Input:
——

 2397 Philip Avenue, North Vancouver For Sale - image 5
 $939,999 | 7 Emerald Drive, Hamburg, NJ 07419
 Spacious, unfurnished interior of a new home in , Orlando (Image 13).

——

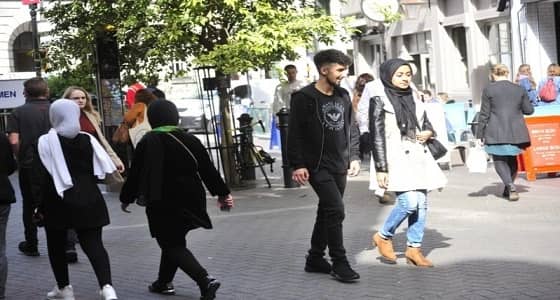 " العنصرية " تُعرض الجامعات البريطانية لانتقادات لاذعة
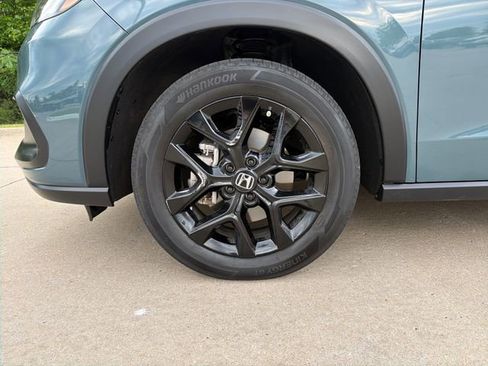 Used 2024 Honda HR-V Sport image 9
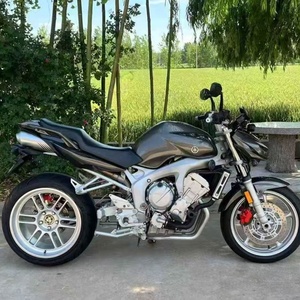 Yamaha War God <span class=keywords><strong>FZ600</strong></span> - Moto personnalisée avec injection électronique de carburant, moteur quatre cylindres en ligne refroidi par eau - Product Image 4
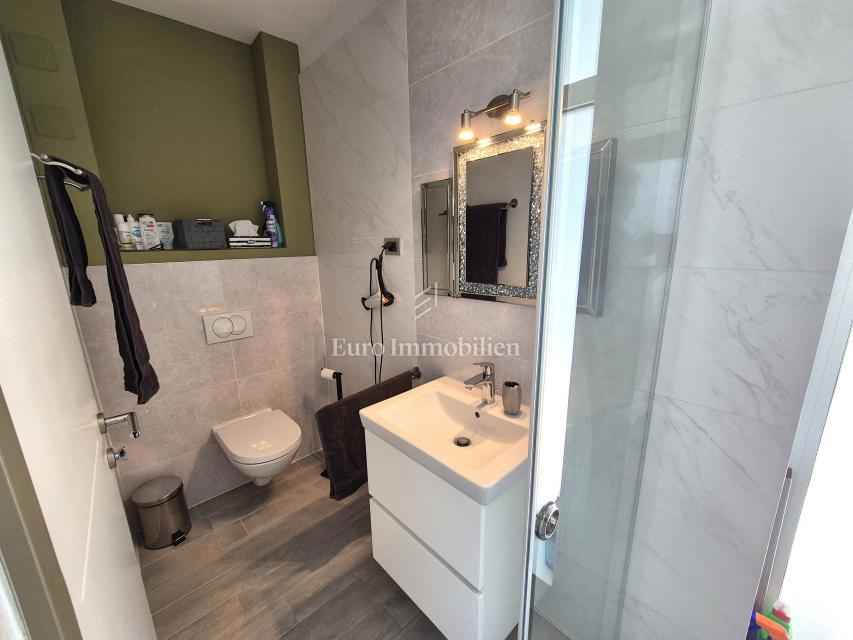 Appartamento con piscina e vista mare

——

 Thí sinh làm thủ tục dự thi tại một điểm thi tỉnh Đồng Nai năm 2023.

——

Problem description:
Using the data above, give again exactly the lines starting at the one holding "البريطانية لانتقادات لاذعة" and ending at the one holding "Appartamento con piscina e vista mare", inclusive, and nothing more. Omit the pictures.

Answer below:
 " العنصرية " تُعرض الجامعات البريطانية لانتقادات لاذعة
 Used 2024 Honda HR-V Sport image 9
 Yamaha War God <span class=keywords><strong>FZ600</strong></span> - Moto personnalisée avec injection électronique de carburant, moteur quatre cylindres en ligne refroidi par eau - Product Image 4
 Appartamento con piscina e vista mare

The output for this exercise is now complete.